- [Task details] Every entry must be given again exactly. Include no pictures.

- [The data]
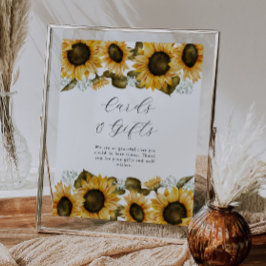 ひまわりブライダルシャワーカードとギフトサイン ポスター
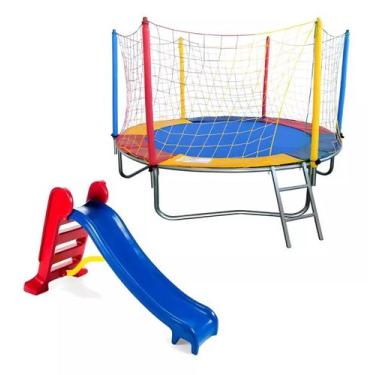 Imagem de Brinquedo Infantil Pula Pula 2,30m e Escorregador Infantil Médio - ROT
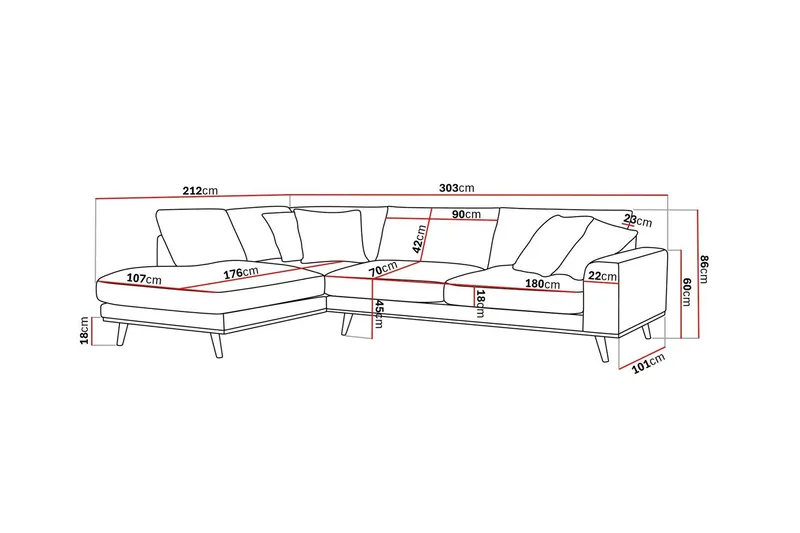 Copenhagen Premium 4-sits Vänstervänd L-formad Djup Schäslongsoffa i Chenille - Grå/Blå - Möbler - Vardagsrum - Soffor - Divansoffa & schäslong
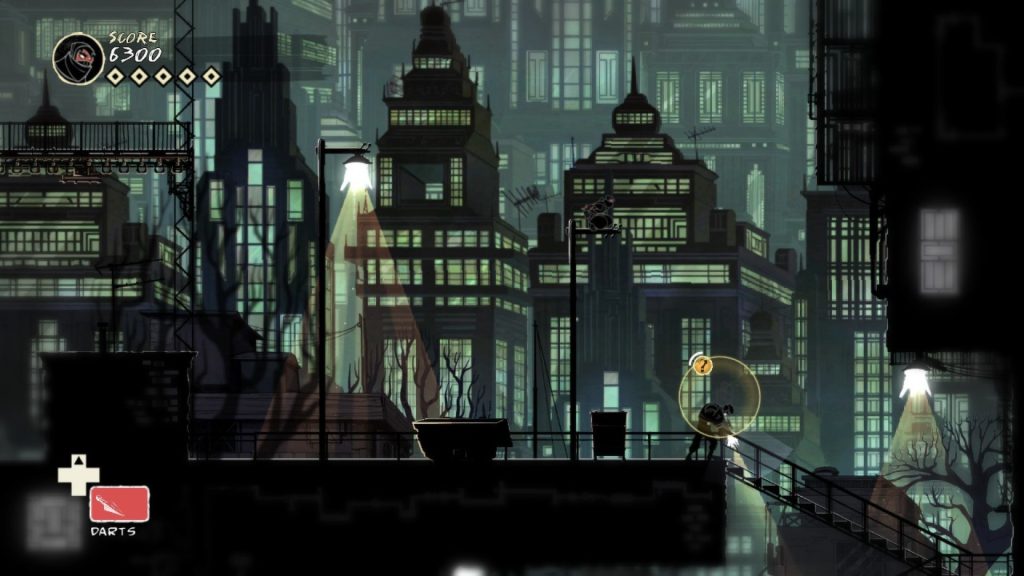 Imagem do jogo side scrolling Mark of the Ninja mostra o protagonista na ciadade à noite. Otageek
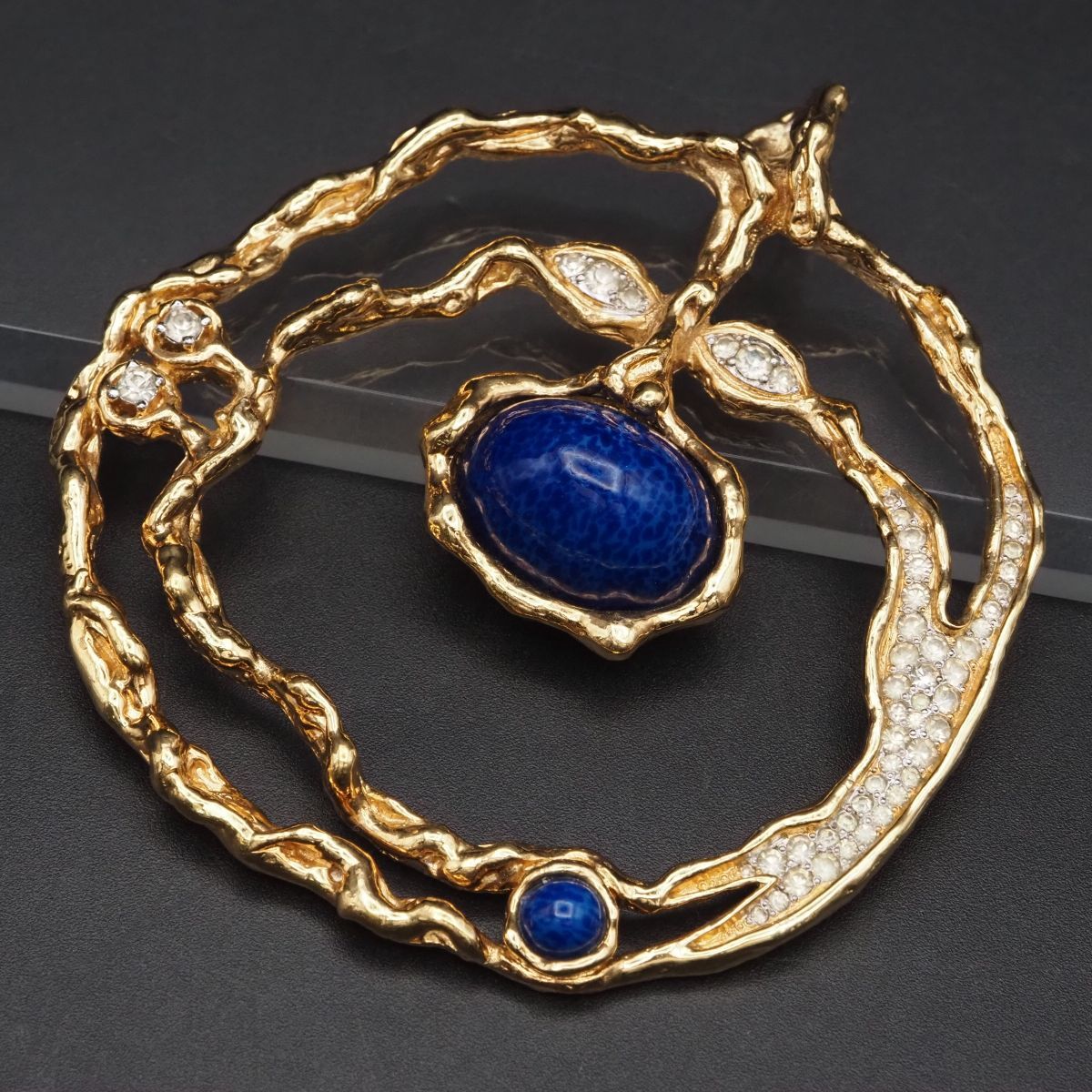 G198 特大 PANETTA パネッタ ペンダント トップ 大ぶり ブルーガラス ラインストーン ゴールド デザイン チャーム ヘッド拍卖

- [Solution to this task]
 ひまわりブライダルシャワーカードとギフトサイン ポスター
 Imagem de Brinquedo Infantil Pula Pula 2,30m e Escorregador Infantil Médio - ROT
 Copenhagen Premium 4-sits Vänstervänd L-formad Djup Schäslongsoffa i Chenille - Grå/Blå - Möbler - Vardagsrum - Soffor - Divansoffa & schäslong
 Imagem do jogo side scrolling Mark of the Ninja mostra o protagonista na ciadade à noite. Otageek
 G198 特大 PANETTA パネッタ ペンダント トップ 大ぶり ブルーガラス ラインストーン ゴールド デザイン チャーム ヘッド拍卖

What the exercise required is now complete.